The following example shows how to set the idleEventInterval for a @KafkaListener:

@Bean
public ConcurrentKafkaListenerContainerFactory kafkaListenerContainerFactory() {
    ConcurrentKafkaListenerContainerFactory<String, String> factory =
                new ConcurrentKafkaListenerContainerFactory<>();
    ...
    factory.getContainerProperties().setIdleEventInterval(60000L);
    ...
    return factory;
}

In each of these cases, an event is published once per minute while the container is idle.

If, for some reason, the consumer poll() method does not exit, no messages are received and idle events cannot be generated (this was a problem with early versions of the kafka-clients when the broker wasn’t reachable). In this case, the container publishes a NonResponsiveConsumerEvent if a poll does not return within 3x the pollTimeout property. By default, this check is performed once every 30 seconds in each container. You can modify this behavior by setting the monitorInterval (default 30 seconds) and noPollThreshold (default 3.0) properties in the ContainerProperties when configuring the listener container. The noPollThreshold should be greater than 1.0 to avoid getting spurious events due to a race condition. Receiving such an event lets you stop the containers, thus waking the consumer so that it can stop.

Starting with version 2.6.2, if a container has published a ListenerContainerIdleEvent, it will publish a ListenerContainerNoLongerIdleEvent when a record is subsequently received.

Event Consumption

You can capture these events by implementing ApplicationListener — either a general listener or one narrowed to only receive this specific event. You can also use @EventListener, introduced in Spring Framework 4.2.

The next example combines @KafkaListener and @EventListener into a single class. You should understand that the application listener gets events for all containers, so you may need to check the listener ID if you want to take specific action based on which container is idle. You can also use the @EventListener's condition for this purpose.

See Application Events for information about event properties.
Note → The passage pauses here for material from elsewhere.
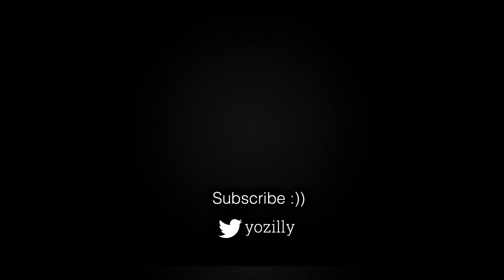That's pretty much it from my side. Give this video a thumbs up and I will see you all in the next one. Peace out.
The event is normally published on the consumer thread, so it is safe to interact with the Consumer object.

The following example uses both @KafkaListener and @EventListener:

public class Listener {

    @KafkaListener(id = "qux", topics = "annotated")
    public void listen4(@Payload String foo, Acknowledgment ack) {
        ...
    }

    @EventListener(condition = "event.listenerId.startsWith('qux-')")
    public void eventHandler(ListenerContainerIdleEvent event) {
        ...
    }

}
Event listeners see events for all containers. Consequently, in the preceding example, we narrow the events received based on the listener ID. Since containers created for the @KafkaListener support concurrency, the actual containers are named id-n where the n is a unique value for each instance to support the concurrency. That is why we use startsWith in the condition.
If you wish to use the idle event to stop the lister container, you should not call container.stop() on the thread that calls the listener. Doing so causes delays and unnecessary log messages. Instead, you should hand off the event to a different thread that can then stop the container. Also, you should not stop() the container instance if it is a child container. You should stop the concurrent container instead.

Current Positions when Idle

Note that you can obtain the current positions when idle is detected by implementing ConsumerSeekAware in your listener. See onIdleContainer() in seek.